The continuous epidural infusion and continuous femoral block groups showed significantly lower visual analog scale scores at rest and during continuous passive motion compared with the patient-controlled morphine group. The early postoperative knee mobilization levels in both continuous epidural infusion and continuous femoral block groups were significantly closer to the target levels prescribed by the surgeon than in the patient-controlled morphine group. On postoperative day 7, these values were 90 degrees (60-100 degrees)(median and 25th-75th percentiles) in the continuous epidural infusion group, 90 degrees (60-100 degrees) in the continuous femoral block group, and 80 degrees (60-100 degrees) in the patient-controlled morphine group (P < 0.05). The durations of stay in the rehabilitation center were significantly shorter: 37 days (range, 30-45 days) in the continuous epidural infusion group, 40 days (range, 31-60 days) in the continuous femoral block group, and 50 days (range, 30-80 days) in the patient-controlled morphine group (P < 0.05). Side effects were encountered more frequently in the continuous epidural infusion group.
Regional analgesic techniques improve early rehabilitation after major knee surgery by effectively controlling pain during continuous passive motion, thereby hastening convalescence.
This article is accompanied by an Editorial View. Please see: Todd MM, Brown DL: Regional anesthesia and postoperative pain management: Long-term benefits from a short-term intervention. Anesthesiology 1999; 91:1–2.
ALTHOUGH pain control occupies an unargued position in postoperative management, many questions concerning the role of analgesia on the postoperative outcome, beyond the fundamental humane aspect, remain to be resolved.
Several authors have reported the importance of pain management in controlling postoperative complications in high-risk patient populations. [1–3] The beneficial effects of analgesia on functional rehabilitation and the duration of convalescence have been suggested repeatedly but demonstrated in only few publications. [4,5] Liu et al.  showed that epidural analgesia, associated with early ambulation and feeding, improved postoperative outcome after elective colon surgery. Kehlet  and Kehlet and Dahl  highlighted the importance of analgesia in optimizing postoperative rehabilitation. The authors insist on the need to develop techniques that allow early functional recuperation and emphasize the importance of integrating analgesia into multimodal rehabilitation programs.
Many teams have included early mobilization using continuous passive motion (CPM) into their rehabilitation regimens after knee surgery. Although CPM improves the functional outcome, and as such may decrease the length of hospital stay,  it causes severe pain during mobilization. Few studies have explored the effects of postoperative analgesia on the functional prognosis of major knee surgery. [5,10,11] None of them have evaluated the benefits of postoperative continuous plexus or femoral blocks, and they could not show a decreased length of stay in patients who received epidural infusions. The aim of this study was to evaluate prospectively the influence of three postoperative analgesic techniques on the functional outcome and subsequent duration of hospitalization (hospital and rehabilitation center) after major knee surgery and use of CPM; i.e., continuous epidural infusion (CEI), continuous femoral block (CFB), and intravenous patient-controlled analgesia with morphine (PCA).
After our institutional review board give its approval and patients provided written informed consent, we enrolled 56 patients into this prospective study.
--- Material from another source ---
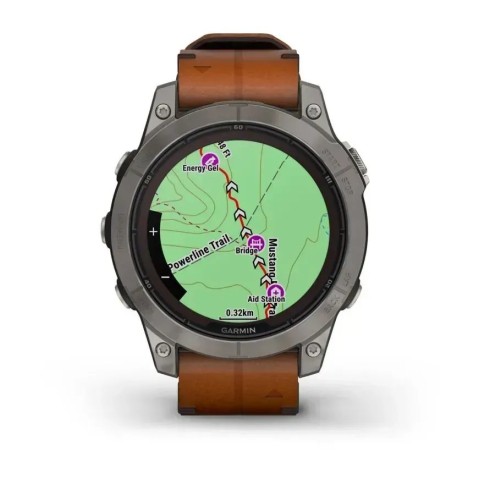 Смарт-часы Garmin fenix 7 Pro Sapphire Solar Edition титановые с каштановым кожаным ремешком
All patients were classified as either American Society of Anesthesiologists physical status I or II, ranged in age from 18 to 75 yr, and were scheduled for total knee replacement or arthrolysis.
One of three surgeons belonging to the same team and using the same techniques performed all of the operations. Before surgery, each patient was randomized to one of three postoperative analgesia groups: CEI, CFB, or PCA.
All patients were premedicated with 0.5 mg oral alprazolam. The patients of the CEI and CFB groups were prepared for regional analgesia using 20-gauge catheters (Vygon, Les Ullis, France) placed under surgical aseptic conditions. For the CEA patients, the catheter was threaded 3 cm into the epidural space after medial puncture of the L2-L3 or L3-L4 vertebral interspaces with an 18-gauge Tuohy needle (Braun, Melsungen, Germany). For the CFB patients, the puncture was performed using Winnie's landmarks with a 16-gauge, 80-mm nontraumatic needle (Krebbs; Pajunk, Ulm, Germany) linked to a neurostimulator (Stimuplex, Braun) by a sterile cable. The femoral nerve was localized by a required motor response, ascension of the patella, obtained at less than 0.5 mA. The catheter insertion length was 12–15 cm. Local anesthetics were not administered via the catheters in either group before the postoperative period.
Intraoperative general anesthesia, standardized for the three study groups, was induced with 5 mg/kg intravenous thiopental, 1 [micro sign]g/kg sufentanil, and 0.5 mg/kg atracurium. All patients were intubated, and controlled ventilation was applied for the duration of surgery. Anesthesia was maintained using 60% nitrous oxide in oxygen, 0.75%-1.5% isoflurane end-tidal concentration, and 0.3 [micro sign]g/kg sufentanil given over 60 min, followed by a 0.15 [micro sign]g [middle dot] kg-1[middle dot] h-1continuous infusion, which was stopped 30 min before the end of surgery.
Postoperative Analgesic Management and Discharge Criteria
Pain was evaluated during the study period using a visual analog scale (VAS) ranging from 0 mm (no pain) to 100 mm (worst imaginable pain). The postoperative analgesia protocol was initiated in the post-anesthesia care unit and continued in the surgical ward.
The CFB patients received a 25-ml bolus of 2% lidocaine with 1/200,000 epinephrine and 2 mg morphine without preservatives via the femoral catheter. The resulting blockade was tested using the pinprick technique, assuring at least a femoral if not 3-in-1 blockade. The block was maintained by the continuous infusion of an analgesic solution, containing 1% lidocaine, 2 [micro sign]g/ml clonidine, and 0.03 mg/ml morphine administered at 0.1 ml [middle dot] kg-1[middle dot] h-1. If after 30 min pain control was considered insufficient (i.e., a VAS of 40 mm), a subcutaneous injection of morphine (0.1 mg/kg) was administered as rescue analgesia and repeated at 6-h intervals as required.
The CEI patients received 2 mg morphine without preservatives and 5-ml doses of 2% lidocaine with 1/200,000 epinephrine, via the epidural catheter, until a T10 level was determined using the pinprick method. The epidural blockade was maintained by the continuous infusion of the same solution used to maintain the femoral blockade in the CFB group, administered at the same rate. If after 30 min pain control was considered insufficient (i.e., a VAS of 40), a subcutaneous injection of 0.1 mg/kg morphine was administered as rescue analgesia and repeated at 6-h intervals as required.
The PCA patients received an initial intravenous infusion of morphine (2-mg doses at 5-min intervals) titrated manually until VAS scores of 30 mm were obtained. At this time, a PCA pump (Ivac, San Diego, CA) was connected, delivering 1-mg doses with a 7-min lockout period and a maximum dose of 30 mg in 4 h. The first pain evaluation under the influence of PCA morphine was performed 30 min later. If after 1 h pain control was considered insufficient (i.e., a VAS of 40 mm), the intermittent doses were increased to 1.5 mg and the patients were encouraged to use the PCA as often as possible.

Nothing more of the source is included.